Underlayment – The Hidden Protector in Your Roofing System
Your roof is the protective barrier which Shields your home and everything within it from the harsh outdoor elements. What many consumers are not aware of, is that there is much more that goes into a roof than just what you see looking at the finished product. One of those unseen components is underlayment, which is the hidden protector in any complete roofing system. Maybe you’ve never heard of underlayment, as most consumers haven’t. But as you continue to read, you’ll realize just how important underlayment is in the protection of your roof and the security of your home every single day.
What exactly is roof underlayment?
Underlayment is the protective Shield or barrier, which during the installation process is placed beneath roofing shingles.
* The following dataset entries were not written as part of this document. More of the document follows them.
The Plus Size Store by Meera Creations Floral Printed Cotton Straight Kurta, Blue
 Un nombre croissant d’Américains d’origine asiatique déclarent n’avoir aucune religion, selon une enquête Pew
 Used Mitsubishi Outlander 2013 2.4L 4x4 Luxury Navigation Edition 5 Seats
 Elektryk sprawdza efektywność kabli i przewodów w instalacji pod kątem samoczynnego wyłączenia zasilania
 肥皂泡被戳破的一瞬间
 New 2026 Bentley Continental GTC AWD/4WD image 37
Depending on the type, it is a waterproof or water-resistant barrier which adds an extremely important layer of moisture protection. Roofing underlayment can be manufactured from a variety of different materials, for different applications. Some of these types include – rubberized, synthetic, polyethylene and felt. Different types of roofing underlayment provide different types of protection for your overall roofing system.
Why Do You Need Underlayment? …and Why Is It an Absolutely Essential Component of ANY Superior Roofing System?
The first thing to realize is the way a roof is able to protect a home, from the various components which have been proven to work together to provide the highest level of protection. Underlayment, as mentioned previously, is a moisture barrier. And although asphalt shingles can of course protect your home from rain, snow, and ice, water can still get past shingles. Wind driven rain can push water between shingles and trapped meltwater from ice dams can back-up between shingles as well. Shingles can also be lifted by damaging winds, and even blow off. Beyond that, as shingles approach the end of their lifespan they can deteriorate and become hardened or brittle. It is the underlayment beneath those shingles which sits atop and protects the roof deck (the wooden layer which a roof is installed upon) from moisture. Where even if some moisture penetrates through or between the shingles, the underlayment remains intact to protect the structure. Underlayment is a second line of defense that adds peace of mind and is well worth the investment.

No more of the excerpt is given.